Transcribe, word for word and without additions, each line below from the one containing "Aminyee Organ Card" through the one containing "Laptop showing a", both ends included.

++++ Dataset excerpts

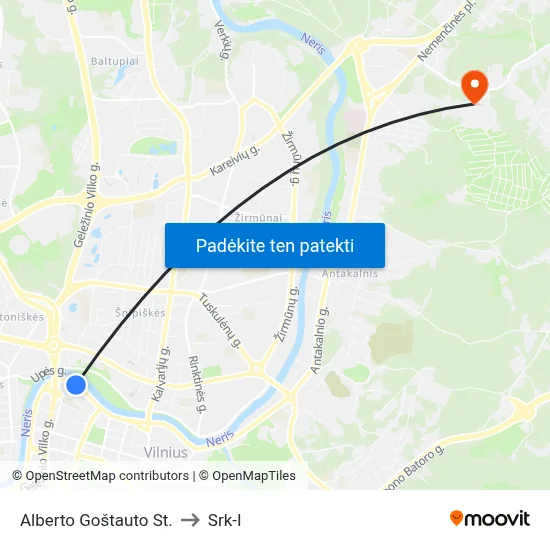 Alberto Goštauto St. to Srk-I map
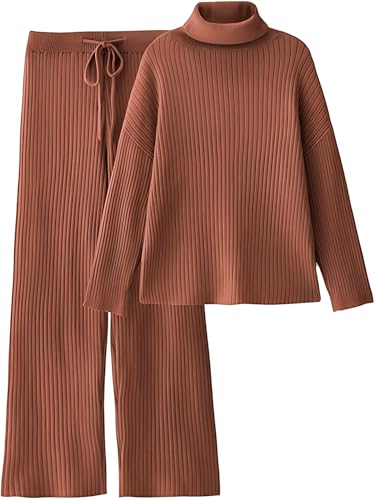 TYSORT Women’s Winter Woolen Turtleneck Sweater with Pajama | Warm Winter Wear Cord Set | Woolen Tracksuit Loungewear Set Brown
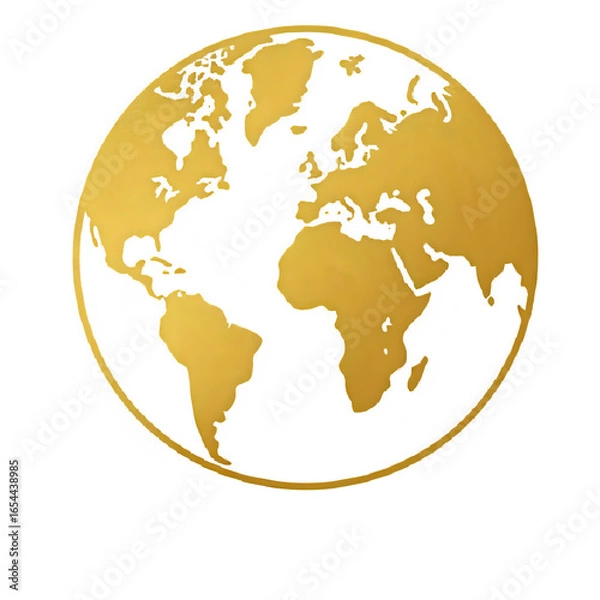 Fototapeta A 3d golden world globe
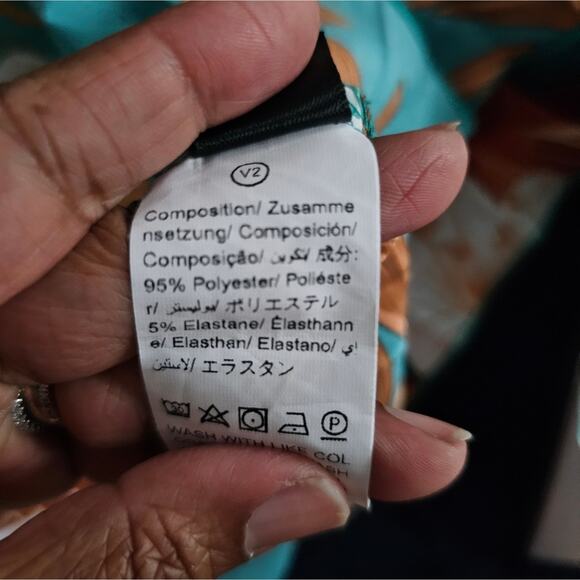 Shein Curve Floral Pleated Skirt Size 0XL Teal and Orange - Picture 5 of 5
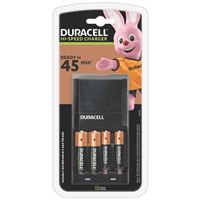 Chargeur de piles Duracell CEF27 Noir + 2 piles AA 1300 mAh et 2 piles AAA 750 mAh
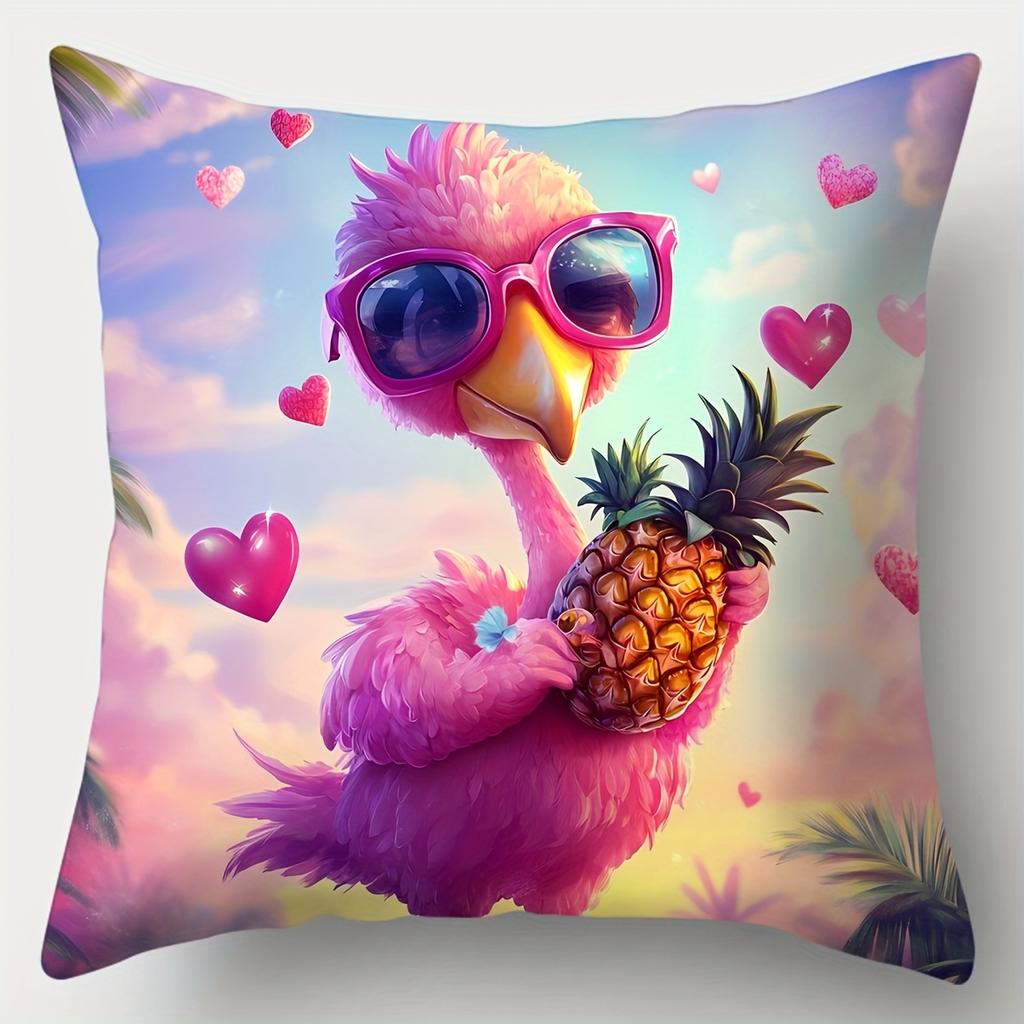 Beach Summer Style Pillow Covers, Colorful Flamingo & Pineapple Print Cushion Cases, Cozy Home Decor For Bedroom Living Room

++++++++
++++ Dataset excerpts

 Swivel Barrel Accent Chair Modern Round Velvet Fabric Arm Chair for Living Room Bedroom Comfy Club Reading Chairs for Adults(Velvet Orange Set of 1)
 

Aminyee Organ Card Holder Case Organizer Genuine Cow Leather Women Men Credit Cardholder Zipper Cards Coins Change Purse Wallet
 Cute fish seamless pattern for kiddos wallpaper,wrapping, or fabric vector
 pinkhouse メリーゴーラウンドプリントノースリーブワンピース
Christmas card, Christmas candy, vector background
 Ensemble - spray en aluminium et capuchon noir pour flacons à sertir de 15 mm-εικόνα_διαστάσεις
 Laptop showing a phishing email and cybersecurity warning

++++++++
++++ Dataset excerpts

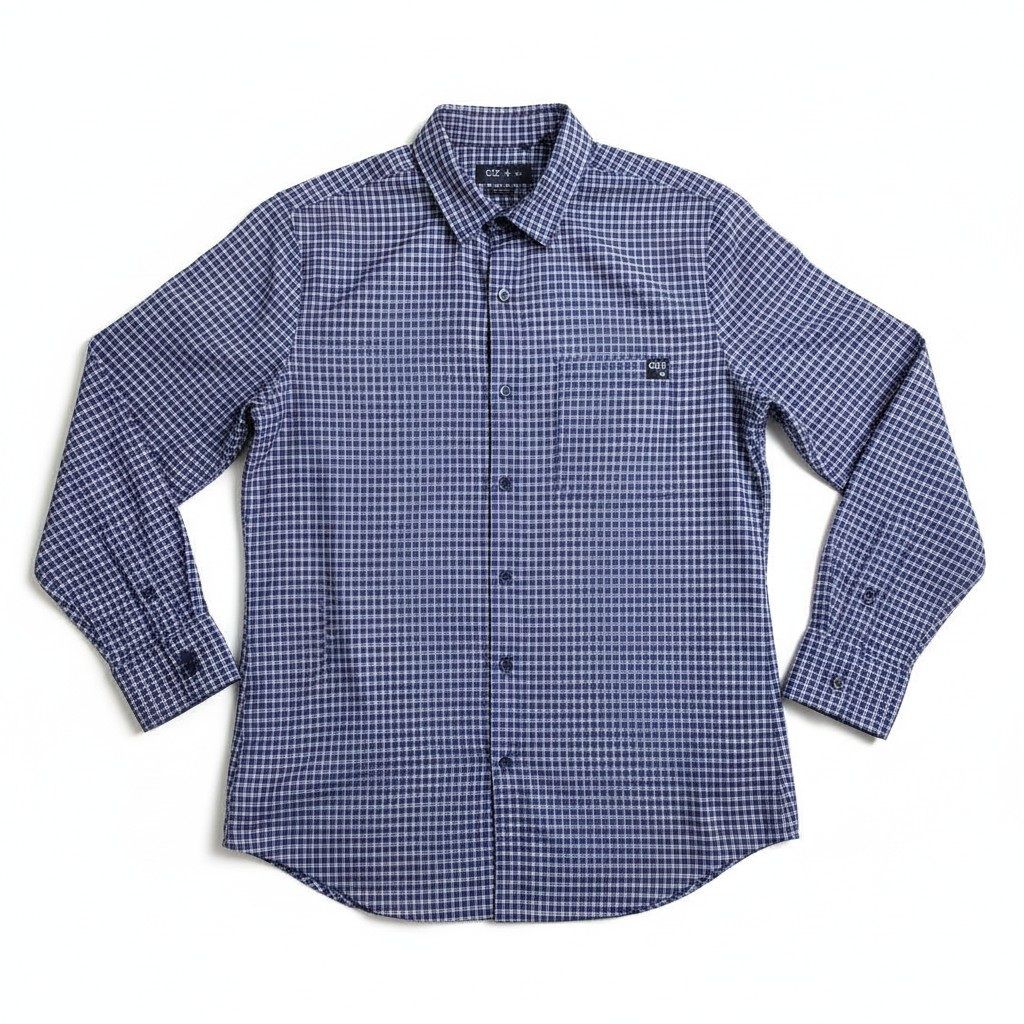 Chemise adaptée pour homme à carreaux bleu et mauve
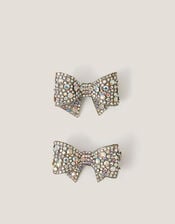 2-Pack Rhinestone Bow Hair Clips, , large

++++++++

Result below:
Aminyee Organ Card Holder Case Organizer Genuine Cow Leather Women Men Credit Cardholder Zipper Cards Coins Change Purse Wallet
 Cute fish seamless pattern for kiddos wallpaper,wrapping, or fabric vector
 pinkhouse メリーゴーラウンドプリントノースリーブワンピース
Christmas card, Christmas candy, vector background
 Ensemble - spray en aluminium et capuchon noir pour flacons à sertir de 15 mm-εικόνα_διαστάσεις
 Laptop showing a phishing email and cybersecurity warning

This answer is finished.